| Hunder strike called serious by red cross Original Source Link: (May no longer be active) http://edition.cnn.com/2005/WORLD/americas/10/07/guantanamo.strike.reut/http://edition.cnn.com/2005/WORLD/americas/10/07/guantanamo.strike.reut/
Guantanamo hunger strike called serious
GENEVA, Switzerland (Reuters) -- The International Committee of the Red Cross said Friday that prisoners were on hunger strike at the U.S. Guantanamo Bay prison camp and that the situation there was serious.
But ICRC chief spokeswoman Antonella Notari declined to comment on Thursday's statement by a defense lawyer that the action involved 200 of 500 prisoners and that 21 were being force-fed.
The humanitarian agency, which last visited the U.S. naval base in Cuba in late September, was in contact with U.S. authorities about the situation, Notari said.

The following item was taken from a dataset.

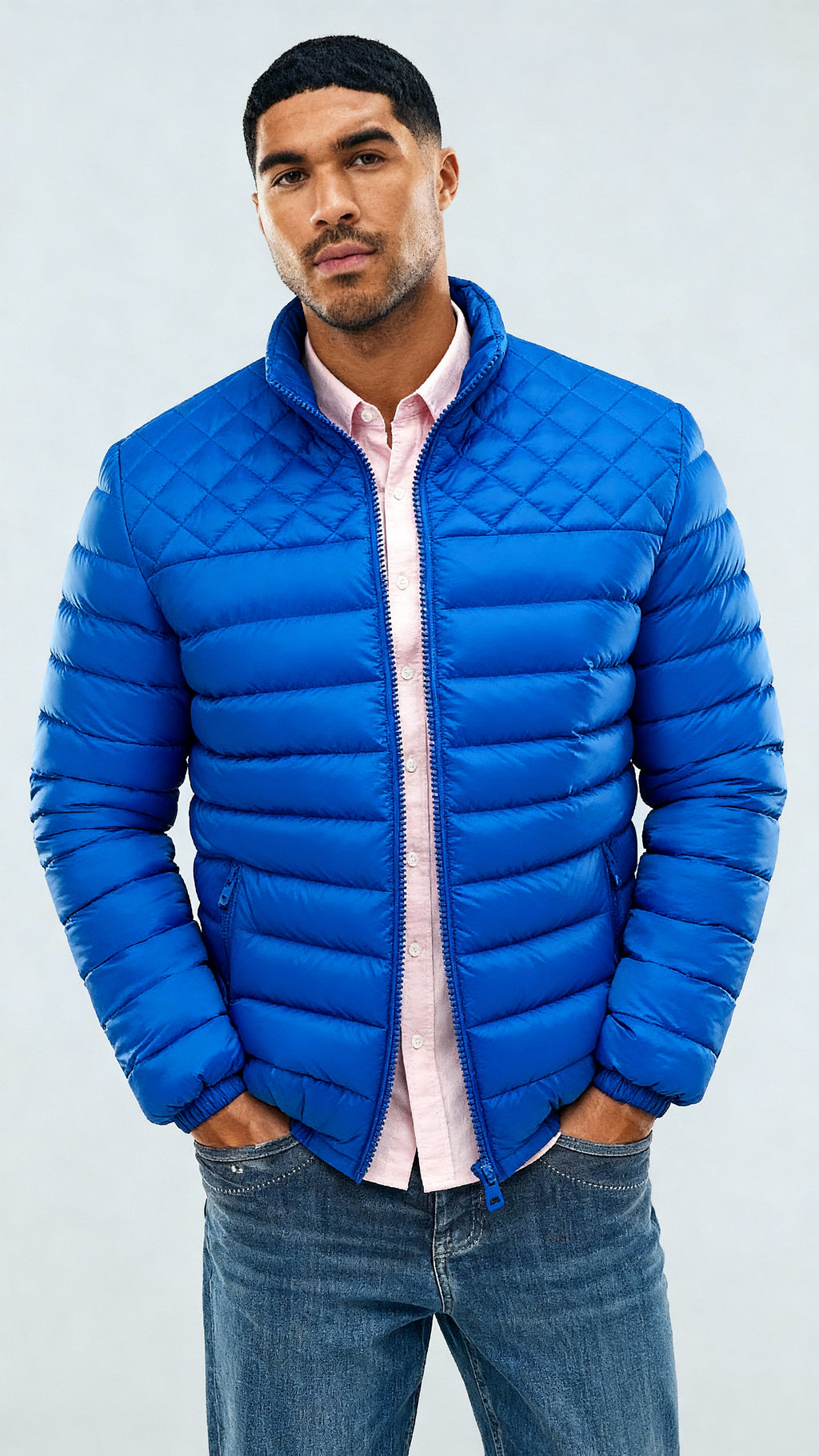 Die Axel Herren Steppjacke – Entwickelte Wärme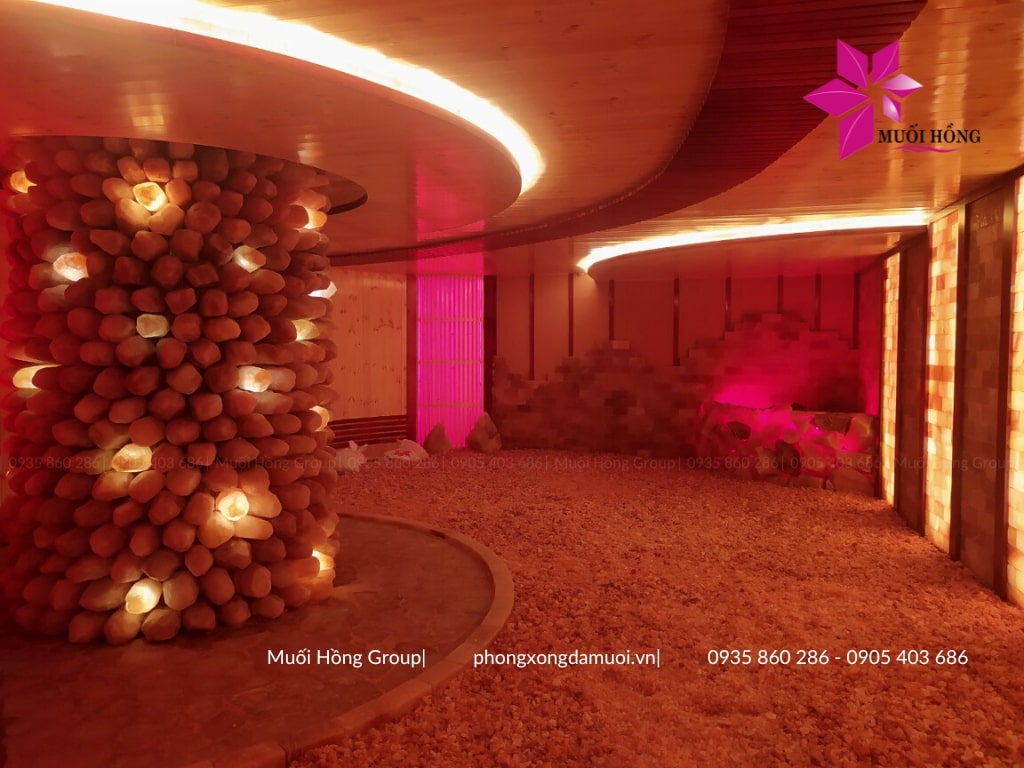 Lắp đặt Onsen JjimJilBang khách sạn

"There is a hunger strike, the situation is serious, and we are following it with concern," Notari told Reuters.
"During our recent 10-day visit, we were able to visit the infirmary, see the detainees and speak with them as well as the American authorities," she added.
The ICRC backs a 1975 Tokyo declaration by the World Medical Association stating that doctors should not participate in force-feeding but keep prisoners informed of the sometimes irreversible consequences of their hunger strike, she added.
Amnesty International and human rights lawyer Clive Stafford Smith, who represents some 40 detainees, said Thursday that U.S. authorities were keeping 21 alive by forcing food into their stomachs through tubes pushed up their noses.
The prisoners are shackled to their beds 24 hours a day to stop them removing the tubes, he said.
"This is the 56th day of the hunger strike," said Stafford Smith before making a comparison with the Irish republican campaign of 1981, when 10 prisoners starved themselves to death in protest at British policy in Northern Ireland.
The United States opened the prison camp in January 2002. Many detainees were seized in Afghanistan. Four have been charged, and many have been held more than three years. Some former prisoners have said they were tortured.
Force-feeding is not banned under international law, but the World Medical Association declaration, endorsed by the American Medical Association, sets guidelines for doctors involved in hunger strikes and says they should not participate in force-feeding.